New York Knicks: New Leader, New Results

New York Knicks: Ping Pong Balls Are Not An Option


----------



## Truknicksfan

> New York Knicks: Where The GM Overpays And The Players Under Play.


Kitty I nearly fell out of my seat cause I was laughing soo hard. :laugh: 

New York Knicks: A Better Tomorrow. :angel:


----------



## Krstic All-Star

New York Knicks: Our backup center can EAT yours!

New York Knicks: A rotation away


----------



## Sixerfanforlife

New York Knicks: Nate Robinson is the glismp of light at the end of a very dark tunnell.


----------



## Gotham2krazy

How about? New York Knicks: The Return To Mecca


----------



## Truknicksfan

> New York Knicks: The Return To Mecca


Gets my vote times 2000!!!

Who else like that one? Cause I love it. GJ Gotham.


----------



## ChosenFEW

Knicks: hate it or love it our payroll's on top....




Knicks: Now or never


knicks : You're FIRED!....we could even have a pic of donald trump on there


----------



## Kiyaman

The Slogan must relate to:

The main reason the Knicks will have a good successful 2006-7 season 
will be because the Owner, Manager, Coaching-Staff, and Players will all be on the *SAME-PAGE!    * 

[B]"The SAME-PAGE Knicks" :clap: :banana: :clap: :cheers:  [/B]


----------



## knicksfan

New York Knicks: The Return To Mecca


----------



## Truknicksfan

> New York Knicks: The Return To Mecca


 :yes:


----------



## Krstic All-Star

I don't think we're going to top that one.


----------



## Kiyaman

Gotham2krazy said:


> How about? New York Knicks: *The Return To Mecca*



I guess * "The Return To MECCA" * maybe the best call. I Like it, *but * 

*The Knick (Ego) Players need a Slogan to remind them daily that they are apart of a WINNING Franchise thats why I say, * 

*  "The SAME-PAGE Knicks"  *


----------



## Kiyaman

Oh yeah, the slogan *"The Same-Page Knicks" * means the Owner, Management, Coaches, and Players are all working together, so James Dolan & Steve Mills would jump on this slogan by producing & supporting it to keep their Names in the Media on the positive side. 
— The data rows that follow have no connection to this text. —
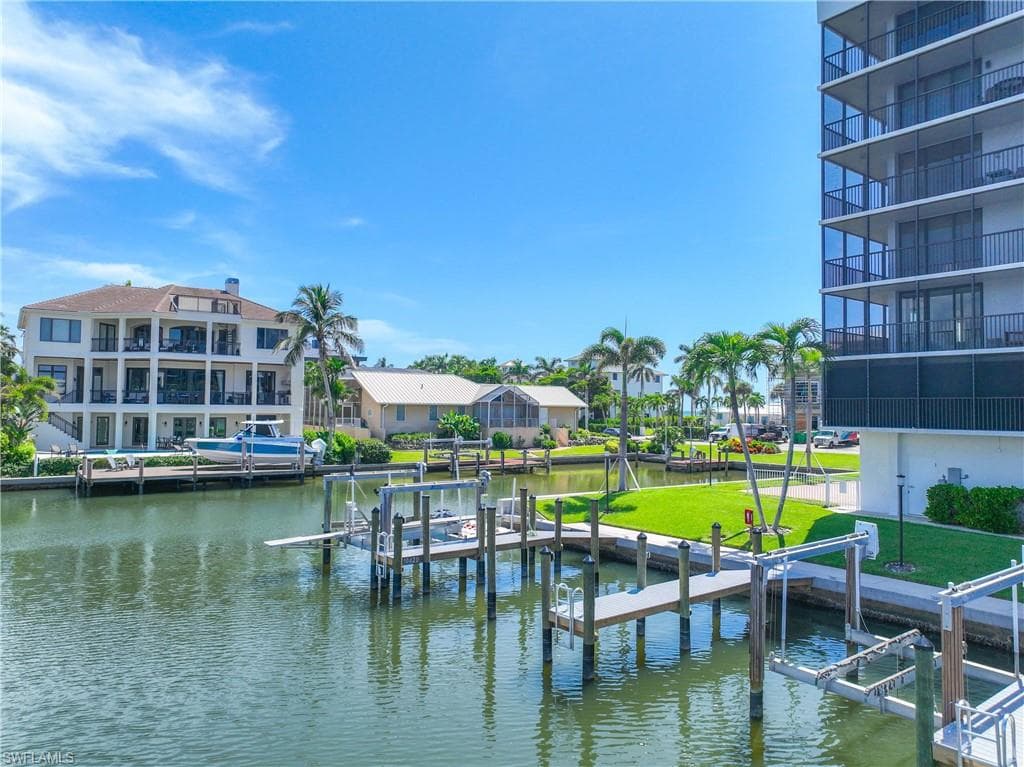 10420 Gulf Shore Dr 162, Naples, FL 34108-37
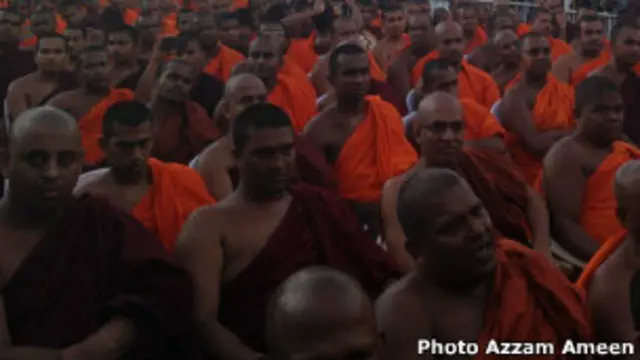 Buddhist monks attending a BBS rally in Maharagama (file photo)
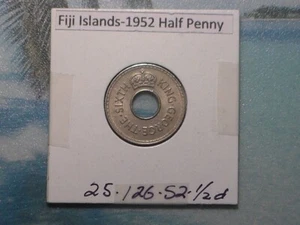 FIJI ISLANDS - 1952 HALFPENNY - COLONIAL ERA - PREDECIMAL COIN. Copper/Nickel. - Picture 1 of 4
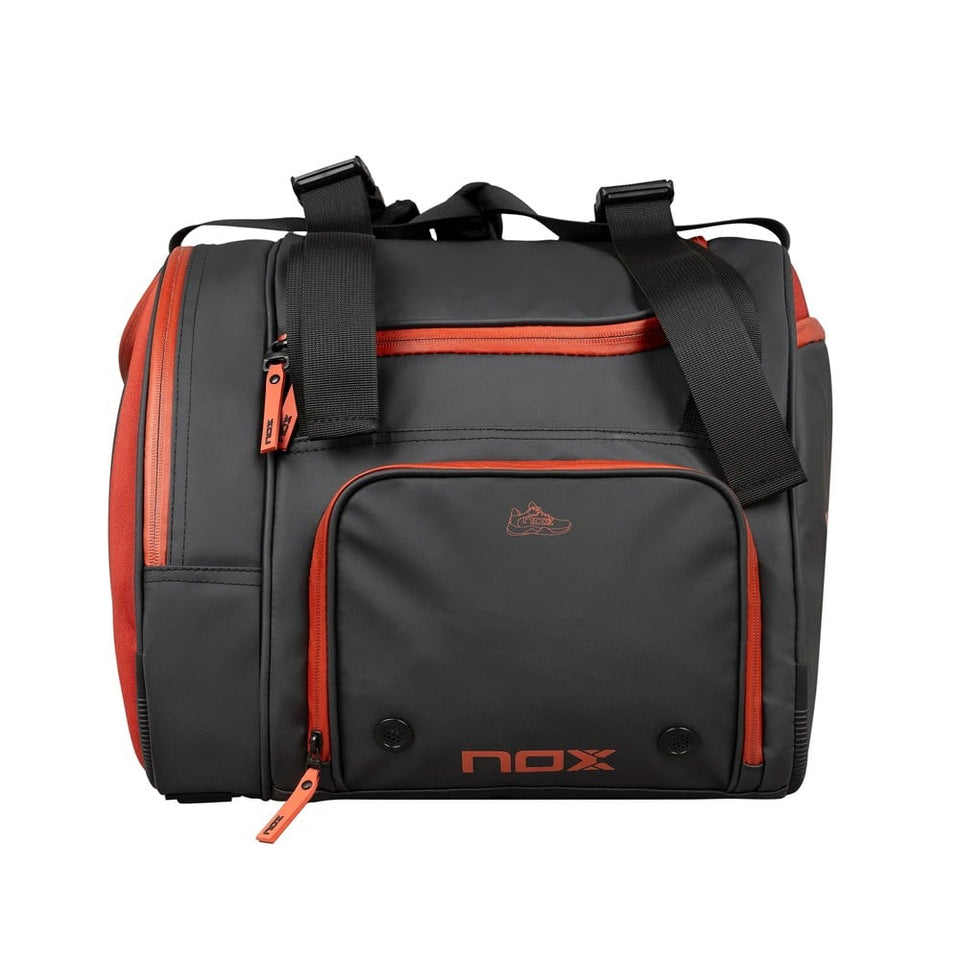Nox Luxury Open Series Preto/ Vermelho 2024 (Saco de padel)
But they will probably do the same for *"The Return TO Mecca".*


----------



## USSKittyHawk

Ok, I guess we go with that one unless anyone else has objections. I'll just wait until later on to shoot DaBullz a PM to change it.


----------



## E.H. Munro

It's too late for _We Aspire to Lose Our (Ping Pong) Balls_?


----------



## Futurama_Fanatic

New York Knicks: Where The GM Overpays And The Players Under Play.

gets my vote


----------



## 0oh_S0o_FreSh!!

New York Knicks: Technical foul on Larry


----------



## 0oh_S0o_FreSh!!

ClippersRuleLA said:


> New York Knicks: Where The GM Overpays And The Players Under Play.
> 
> gets my vote



thats the slogan for a knicks forum on another site. does it still count


----------



## KVIP112

New York Knicks: Where We Look Down On Brown


----------



## CFrye7

Gotham2krazy said:


> How about? New York Knicks: The Return To Mecca


I like this one


----------



## EwingStarksOakley94

Kitty said:


> New York Knicks: Ping Pong Balls Are Not An Option


I like this one a lot. I would also vote for the Mecca one.

What about...
New York Knicks: We Ain't Dead Yet
or
New York Knicks: Real Fans Stick Through the Tough Times
or
New York Knicks: The Legendary


----------